En bref, il renvoie la « patate chaude » aux maires tout en se donnant bonne conscience !
Si les dérogations relatives aux ouvertures de marchés revêtent en effet une trop lourde responsabilité pour les communes, celles-ci peuvent néanmoins être solidaires des entreprises en les accompagnant concrètement : gel des droits de terrasse, exonération pendant 2 mois des loyers perçus par la commune, subventions exceptionnelles pour payer les loyers quant il s’agit de petits bailleurs privés...
Assurances
Enfin, les autres acteurs majeurs qui devraient prendre activement part à la solidarité nationale sont les assureurs.
Le gouvernement se félicite que ces créanciers du quotidien aient débloqué un fonds de 200 millions d’euros. Mais les parlementaires de la majorité, pourtant massivement interpellés par les entrepreneurs et leurs syndicats, n’ont vraisemblablement pas su se montrer convaincants. Ce qui permet aux assureurs de continuer à se retrancher derrière un flou sémantique que le Gouvernement refuse de dissiper et grâce auquel ils peuvent refuser de couvrir les pertes d’exploitation.
L’Etat doit être en mesure de déclarer l’état de catastrophe naturelle, ou, le cas échéant, de déclarer un état de catastrophe sanitaire et/ou épidémique entraînant les mêmes effets que celui de catastrophe naturelle.
Car cette absence de couverture de perte d’exploitation est lourde de conséquences : d’une part elle fait courir un sérieux risque de faillite à l’entreprise en raison d’une fragilisation de sa trésorerie. D’autre part, le bilan de l’entreprise subira une importante baisse de chiffre d’affaires et cette baisse sera responsable de la dépréciation de la valeur du fonds de commerce.
Cumulant cynisme et quasi-absence, les assurances, bénéficiant de la complaisance du gouvernement, sont insuffisamment présentes quant à l’impérieuse nécessité du redressement économique du pays.
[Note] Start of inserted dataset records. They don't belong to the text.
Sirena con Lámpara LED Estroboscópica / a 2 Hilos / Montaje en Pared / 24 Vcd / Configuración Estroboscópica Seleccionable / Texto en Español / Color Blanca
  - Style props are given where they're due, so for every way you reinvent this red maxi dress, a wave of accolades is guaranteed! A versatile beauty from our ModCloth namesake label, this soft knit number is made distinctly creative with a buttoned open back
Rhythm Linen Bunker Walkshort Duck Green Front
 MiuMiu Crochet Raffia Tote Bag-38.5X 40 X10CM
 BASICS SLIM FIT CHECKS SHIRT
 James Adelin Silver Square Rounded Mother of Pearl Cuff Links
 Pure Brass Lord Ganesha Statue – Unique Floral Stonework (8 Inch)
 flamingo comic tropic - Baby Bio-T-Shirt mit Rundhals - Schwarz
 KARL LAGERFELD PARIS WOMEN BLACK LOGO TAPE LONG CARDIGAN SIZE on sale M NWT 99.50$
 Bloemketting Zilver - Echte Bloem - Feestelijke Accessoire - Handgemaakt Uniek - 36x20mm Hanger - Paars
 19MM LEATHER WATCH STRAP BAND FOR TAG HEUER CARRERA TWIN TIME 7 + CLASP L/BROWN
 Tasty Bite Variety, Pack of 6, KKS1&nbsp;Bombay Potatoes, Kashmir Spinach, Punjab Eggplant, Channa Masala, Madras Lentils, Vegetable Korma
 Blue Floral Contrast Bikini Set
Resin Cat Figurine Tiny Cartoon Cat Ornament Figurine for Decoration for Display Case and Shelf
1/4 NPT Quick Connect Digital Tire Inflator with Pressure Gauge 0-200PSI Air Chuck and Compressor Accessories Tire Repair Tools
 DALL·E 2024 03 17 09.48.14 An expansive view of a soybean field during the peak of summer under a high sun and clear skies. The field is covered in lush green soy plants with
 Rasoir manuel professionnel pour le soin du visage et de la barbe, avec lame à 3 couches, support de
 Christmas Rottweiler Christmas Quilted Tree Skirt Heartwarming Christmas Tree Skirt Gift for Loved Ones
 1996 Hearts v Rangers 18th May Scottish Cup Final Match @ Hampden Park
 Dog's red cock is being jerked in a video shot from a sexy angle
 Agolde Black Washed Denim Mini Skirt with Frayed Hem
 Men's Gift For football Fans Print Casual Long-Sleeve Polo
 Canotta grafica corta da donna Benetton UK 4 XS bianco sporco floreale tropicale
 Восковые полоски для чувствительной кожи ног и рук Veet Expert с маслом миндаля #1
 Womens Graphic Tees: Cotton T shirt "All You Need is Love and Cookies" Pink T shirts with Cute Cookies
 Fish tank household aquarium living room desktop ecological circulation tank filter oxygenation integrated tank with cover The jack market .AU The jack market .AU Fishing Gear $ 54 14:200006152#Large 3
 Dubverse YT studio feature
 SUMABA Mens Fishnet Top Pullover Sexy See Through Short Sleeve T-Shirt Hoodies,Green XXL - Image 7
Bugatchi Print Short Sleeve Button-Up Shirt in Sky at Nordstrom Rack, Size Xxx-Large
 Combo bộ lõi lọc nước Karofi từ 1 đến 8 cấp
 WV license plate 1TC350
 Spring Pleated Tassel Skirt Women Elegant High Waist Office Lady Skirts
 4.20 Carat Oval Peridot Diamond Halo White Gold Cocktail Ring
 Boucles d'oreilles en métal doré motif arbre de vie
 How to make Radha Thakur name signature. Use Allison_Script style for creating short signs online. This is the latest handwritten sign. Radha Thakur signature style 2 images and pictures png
Il faut y remédier sans plus tarder !
Entre injonctions contradictoires : « Restez chez vous » / « Allez travailler », slogans mensongers « Zéro recette = zéro dépense » et impuissance consternante, le Gouvernement ajoute à la crise sanitaire, une crise économique et une crise de confiance.
Le Gouvernement a largement contribué à mettre l’économie du pays à genoux en raison de ses récentes décisions : entêtement à poursuivre la casse sociale, laxisme envers les casseurs infiltrés au sein des manifestations des Gilets Jaunes, grèves consécutives à la reforme des retraites.... Et maintenant, il adopte des postures altruistes, s’obstine dans des mesures comptables, s’embourbe dans ses contradictions, perd du temps et au final, n’apporte pas de solutions pérennes aux acteurs économiques nationaux !
Seuls un maintien, un soutien et une sécurisation du tissu économique permettront à la nation d’éviter une récession drastique et malheureusement durable.
Immédiatement, il faut automatiser, simplifier et accélérer les procédures tant de préservation que d’anti-faillite des entreprises.
Parallèlement, il est temps que nos dirigeants opèrent un séisme idéologique et appliquent la doctrine de bons sens défendue depuis longtemps par le Rassemblement National : colbertisme, souveraineté, relocalisations, reindustrialisation et localisme.